Candeia – Em relação ao agronegócio, quais suas expectativas para 2019?
Jardim – Eu sou um entusiasta do agronegócio, que já se mostrou um grande indutor do crescimento econômico no País. É o setor que nos dá vantagens competitivas e comparativas em relação a outros países do mundo. É preciso manter esse vigor do setor. Para que isso ocorra, é preciso rever a questão do financiamento e do seguro rural. Precisamos aprimorar o caminho do seguro agrícola, tanto os modelos já existentes que protegem o produtor rural quando há uma seca excessiva ou grandes precipitações que ocorrem na lavoura, como criar um seguro mais consistente que abrange não só as questões climáticas, mas também toda a parte de sanidade animal e vegetal, que proteja a renda do produtor. Além disso, manter a busca permanente para melhorar a produtividade no campo, por meio da pesquisa e incentivo à tecnologia e inovação, retomando, por exemplo, o vigor da Embrapa, assim como nós fizemos em São Paulo ao fortalecer os nossos institutos de pesquisa e poder, com isso, ampliar o caminho da inovação, da pesquisa para manter a produtividade agrícola. É uma questão estratégica. E finalmente um agronegócio que se resolve dentro da porteira precisa ter uma logística eficaz, seja por meio de armazenamento mais eficiente, de transporte da produção e de estruturas para que as exportações possam ocorrer sem que esse processo represente um grande “Custo Brasil”, que acabe diminuindo a nossa competitividade internacional. Então, a logística é de extrema importância para poder respaldar o setor agropecuário.

Candeia – Recentemente o senhor ocupou o cargo de secretário estadual da Agricultura. Devido a essa proximidade com o governo estadual, o que espera da gestão de João Doria?
Jardim – Eu tenho a melhor expectativa em relação ao Governo do Estado de São Paulo. Tenho certeza de que o governador João Doria fará uma boa gestão. Ele tem liderança, vitalidade e iniciativa. Espero que isso permaneça e possa se estabelecer. A nossa bancada do PPS na Assembleia Legislativa já integra a base de apoio ao governo Doria. Eu, como presidente estadual do PPS/SP, estabeleci uma diretriz bem definida de apoiar o Governo do Estado para que ele possa manter as boas iniciativas que marcaram a gestão de Geraldo Alckmin e aperfeiçoá-las.

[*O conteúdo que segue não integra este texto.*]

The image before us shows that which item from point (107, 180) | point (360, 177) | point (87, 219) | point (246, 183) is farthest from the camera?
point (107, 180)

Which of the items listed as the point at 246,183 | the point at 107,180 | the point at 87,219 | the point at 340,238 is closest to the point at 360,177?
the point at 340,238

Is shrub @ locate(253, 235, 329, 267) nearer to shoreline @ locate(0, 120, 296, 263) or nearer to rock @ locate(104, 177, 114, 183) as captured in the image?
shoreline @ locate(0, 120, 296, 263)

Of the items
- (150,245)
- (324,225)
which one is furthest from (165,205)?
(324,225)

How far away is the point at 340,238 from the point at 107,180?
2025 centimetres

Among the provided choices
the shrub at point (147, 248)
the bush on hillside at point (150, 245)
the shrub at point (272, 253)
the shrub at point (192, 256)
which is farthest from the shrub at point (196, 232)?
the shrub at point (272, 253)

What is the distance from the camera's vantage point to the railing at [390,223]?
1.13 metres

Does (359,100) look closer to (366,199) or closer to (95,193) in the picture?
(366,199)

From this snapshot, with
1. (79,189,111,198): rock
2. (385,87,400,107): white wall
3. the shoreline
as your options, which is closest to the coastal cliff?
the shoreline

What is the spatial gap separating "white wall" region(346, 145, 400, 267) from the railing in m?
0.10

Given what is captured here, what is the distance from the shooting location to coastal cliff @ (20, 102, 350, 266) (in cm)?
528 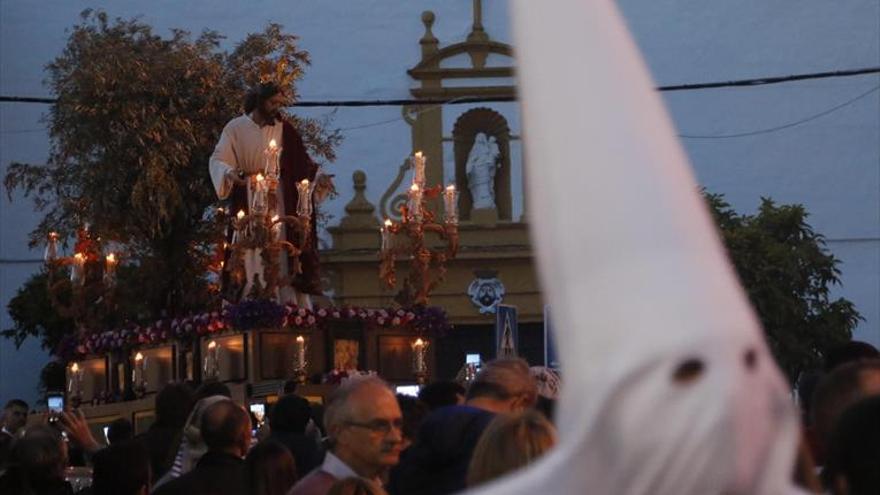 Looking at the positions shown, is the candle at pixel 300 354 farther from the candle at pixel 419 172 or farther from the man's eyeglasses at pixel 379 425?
the man's eyeglasses at pixel 379 425

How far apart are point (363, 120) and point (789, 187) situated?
760 centimetres

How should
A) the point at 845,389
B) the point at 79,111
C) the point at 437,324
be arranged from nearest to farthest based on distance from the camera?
the point at 845,389
the point at 437,324
the point at 79,111

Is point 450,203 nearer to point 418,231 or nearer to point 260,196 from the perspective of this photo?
point 418,231

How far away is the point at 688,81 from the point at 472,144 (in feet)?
16.5

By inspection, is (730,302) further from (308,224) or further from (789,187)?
(789,187)

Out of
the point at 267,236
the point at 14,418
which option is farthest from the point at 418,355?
the point at 14,418

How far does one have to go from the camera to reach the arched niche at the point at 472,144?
3256cm

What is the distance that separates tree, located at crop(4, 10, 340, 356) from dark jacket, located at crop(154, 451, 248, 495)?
47.3ft

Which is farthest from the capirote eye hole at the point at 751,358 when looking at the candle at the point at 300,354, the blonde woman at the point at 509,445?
the candle at the point at 300,354

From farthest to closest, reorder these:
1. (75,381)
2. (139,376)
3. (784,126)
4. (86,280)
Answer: (784,126) → (75,381) → (86,280) → (139,376)

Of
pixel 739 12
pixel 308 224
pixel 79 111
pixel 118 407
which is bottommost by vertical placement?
pixel 118 407

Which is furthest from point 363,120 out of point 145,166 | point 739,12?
point 145,166

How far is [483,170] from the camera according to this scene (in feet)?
107

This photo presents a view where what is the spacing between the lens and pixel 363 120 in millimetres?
36125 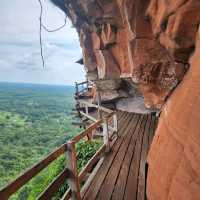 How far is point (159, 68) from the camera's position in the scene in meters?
7.12

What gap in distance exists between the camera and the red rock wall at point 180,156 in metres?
1.84

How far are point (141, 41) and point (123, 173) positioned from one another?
494cm

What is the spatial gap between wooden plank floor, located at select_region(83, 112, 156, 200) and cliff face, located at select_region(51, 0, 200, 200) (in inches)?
23.2

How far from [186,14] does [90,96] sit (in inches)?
459

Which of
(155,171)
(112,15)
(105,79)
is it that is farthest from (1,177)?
(155,171)

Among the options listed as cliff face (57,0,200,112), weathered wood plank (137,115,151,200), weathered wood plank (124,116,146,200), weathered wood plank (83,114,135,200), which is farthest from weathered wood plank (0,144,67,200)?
cliff face (57,0,200,112)

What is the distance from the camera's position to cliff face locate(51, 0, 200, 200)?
2.10m

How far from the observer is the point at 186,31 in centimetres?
338

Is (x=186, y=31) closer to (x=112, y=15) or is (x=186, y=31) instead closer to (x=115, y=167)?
(x=115, y=167)

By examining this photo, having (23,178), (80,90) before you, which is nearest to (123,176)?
(23,178)

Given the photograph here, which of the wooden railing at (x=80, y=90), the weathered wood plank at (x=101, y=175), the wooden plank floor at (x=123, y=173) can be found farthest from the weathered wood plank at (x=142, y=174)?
the wooden railing at (x=80, y=90)

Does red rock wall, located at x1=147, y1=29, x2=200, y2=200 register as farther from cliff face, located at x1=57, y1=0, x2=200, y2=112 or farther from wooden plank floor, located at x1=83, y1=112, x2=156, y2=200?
cliff face, located at x1=57, y1=0, x2=200, y2=112

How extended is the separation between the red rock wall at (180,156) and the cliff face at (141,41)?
1.29 metres

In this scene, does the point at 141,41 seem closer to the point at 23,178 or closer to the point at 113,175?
the point at 113,175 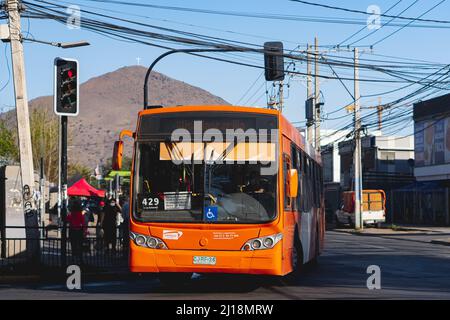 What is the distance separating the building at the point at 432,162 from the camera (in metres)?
51.7

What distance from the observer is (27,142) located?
64.1ft

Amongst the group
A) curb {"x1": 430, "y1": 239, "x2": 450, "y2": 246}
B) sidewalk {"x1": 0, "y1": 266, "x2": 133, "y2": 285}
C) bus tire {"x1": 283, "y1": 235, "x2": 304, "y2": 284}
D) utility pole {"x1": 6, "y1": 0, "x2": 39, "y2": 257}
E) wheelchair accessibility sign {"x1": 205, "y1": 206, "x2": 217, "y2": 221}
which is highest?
utility pole {"x1": 6, "y1": 0, "x2": 39, "y2": 257}

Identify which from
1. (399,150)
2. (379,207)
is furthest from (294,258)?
(399,150)

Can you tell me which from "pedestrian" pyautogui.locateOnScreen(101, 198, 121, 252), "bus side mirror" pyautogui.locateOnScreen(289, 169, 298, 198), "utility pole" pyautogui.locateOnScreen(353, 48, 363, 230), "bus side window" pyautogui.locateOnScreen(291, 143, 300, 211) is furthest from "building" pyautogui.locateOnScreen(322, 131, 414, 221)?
"bus side mirror" pyautogui.locateOnScreen(289, 169, 298, 198)

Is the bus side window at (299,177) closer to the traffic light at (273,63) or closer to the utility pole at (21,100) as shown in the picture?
the traffic light at (273,63)

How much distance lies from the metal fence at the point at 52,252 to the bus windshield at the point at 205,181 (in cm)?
613

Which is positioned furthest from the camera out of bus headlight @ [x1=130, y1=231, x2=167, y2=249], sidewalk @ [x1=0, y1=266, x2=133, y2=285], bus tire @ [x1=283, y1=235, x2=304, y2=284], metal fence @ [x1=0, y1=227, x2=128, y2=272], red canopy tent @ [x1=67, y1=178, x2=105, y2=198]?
red canopy tent @ [x1=67, y1=178, x2=105, y2=198]

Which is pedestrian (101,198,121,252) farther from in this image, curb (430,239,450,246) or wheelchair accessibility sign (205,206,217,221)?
curb (430,239,450,246)

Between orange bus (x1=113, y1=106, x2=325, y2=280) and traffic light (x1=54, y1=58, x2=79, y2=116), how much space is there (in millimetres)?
3639

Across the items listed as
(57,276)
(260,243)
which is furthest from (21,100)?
(260,243)

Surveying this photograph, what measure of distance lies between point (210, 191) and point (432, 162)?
42.5 meters

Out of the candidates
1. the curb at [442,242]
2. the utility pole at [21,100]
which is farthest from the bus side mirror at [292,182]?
the curb at [442,242]

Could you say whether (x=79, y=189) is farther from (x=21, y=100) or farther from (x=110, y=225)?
(x=21, y=100)

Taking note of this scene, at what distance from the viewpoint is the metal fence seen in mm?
19016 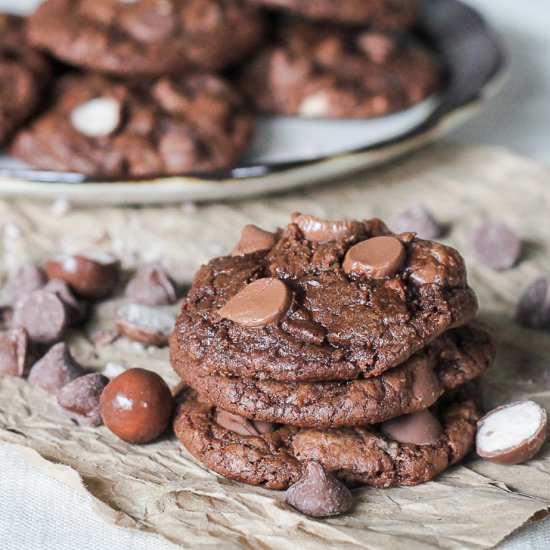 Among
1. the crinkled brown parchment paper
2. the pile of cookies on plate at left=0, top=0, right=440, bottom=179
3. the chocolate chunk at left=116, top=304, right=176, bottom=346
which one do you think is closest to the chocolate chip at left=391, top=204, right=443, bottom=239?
the crinkled brown parchment paper

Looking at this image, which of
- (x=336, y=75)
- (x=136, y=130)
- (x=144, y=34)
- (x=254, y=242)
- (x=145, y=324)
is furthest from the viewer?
(x=336, y=75)

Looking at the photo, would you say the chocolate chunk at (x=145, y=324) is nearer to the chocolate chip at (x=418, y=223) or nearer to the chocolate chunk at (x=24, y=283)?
the chocolate chunk at (x=24, y=283)

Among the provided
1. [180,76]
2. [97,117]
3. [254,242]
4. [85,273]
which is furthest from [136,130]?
[254,242]

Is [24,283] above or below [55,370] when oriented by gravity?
below

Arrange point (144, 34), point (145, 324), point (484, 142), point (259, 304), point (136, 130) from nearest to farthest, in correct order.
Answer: point (259, 304) → point (145, 324) → point (136, 130) → point (144, 34) → point (484, 142)

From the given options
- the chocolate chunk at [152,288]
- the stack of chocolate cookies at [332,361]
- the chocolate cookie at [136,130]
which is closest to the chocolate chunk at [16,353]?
the chocolate chunk at [152,288]

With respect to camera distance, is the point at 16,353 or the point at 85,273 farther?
the point at 85,273

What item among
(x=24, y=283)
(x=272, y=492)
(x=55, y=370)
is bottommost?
(x=24, y=283)

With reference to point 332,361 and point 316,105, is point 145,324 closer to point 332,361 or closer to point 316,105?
point 332,361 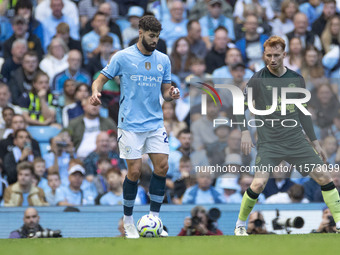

 Saiba mais sobre o entrevistado

Arnaldo Jardim é membro da Frente Parlamentar Agropecuária (FPA), foi secretário de Agricultura e Abastecimento e secretário da Habitação do Estado de São Paulo, foi o 1º vice-líder da bancada do PPS na Câmara Federal e deputado estadual. Atuou como titular na Comissão de Minas e Energia e presidente da Frente Parlamentar em Defesa da Infraestrutura Nacional e da Frente Parlamentar pela Valorização do Setor Sucroenergético (Frente do Etanol). Integra ainda a Frente Parlamentar em Defesa do Setor Agropecuário e Comissão de Agricultura. Foi relator da Lei da Política Nacional de Resíduos Sólidos (PNRS). É relator do projeto de Lei de Pagamento por Serviços Ambientais (PSA) e autor do projeto de Lei para a Política Nacional de Erradicação da Fome e Promoção da Função Social dos Alimentos.Membro do Conselho Consultivo do Instituto de Engenharia (IE) e vice-presidente da Frente Parlamentar em Defesa da Engenharia, Agronomia e Arquitetura do Brasil. Foi reconhecido, por cinco vezes consecutivas, nas publicações “100 Cabeças do Congresso Nacional” elaboradas pelo Departamento Intersindical de Assessoria Parlamentar (Diap), e por votações realizadas pelo Portal Congresso em Foco, como um dos melhores parlamentares da Câmara Federal.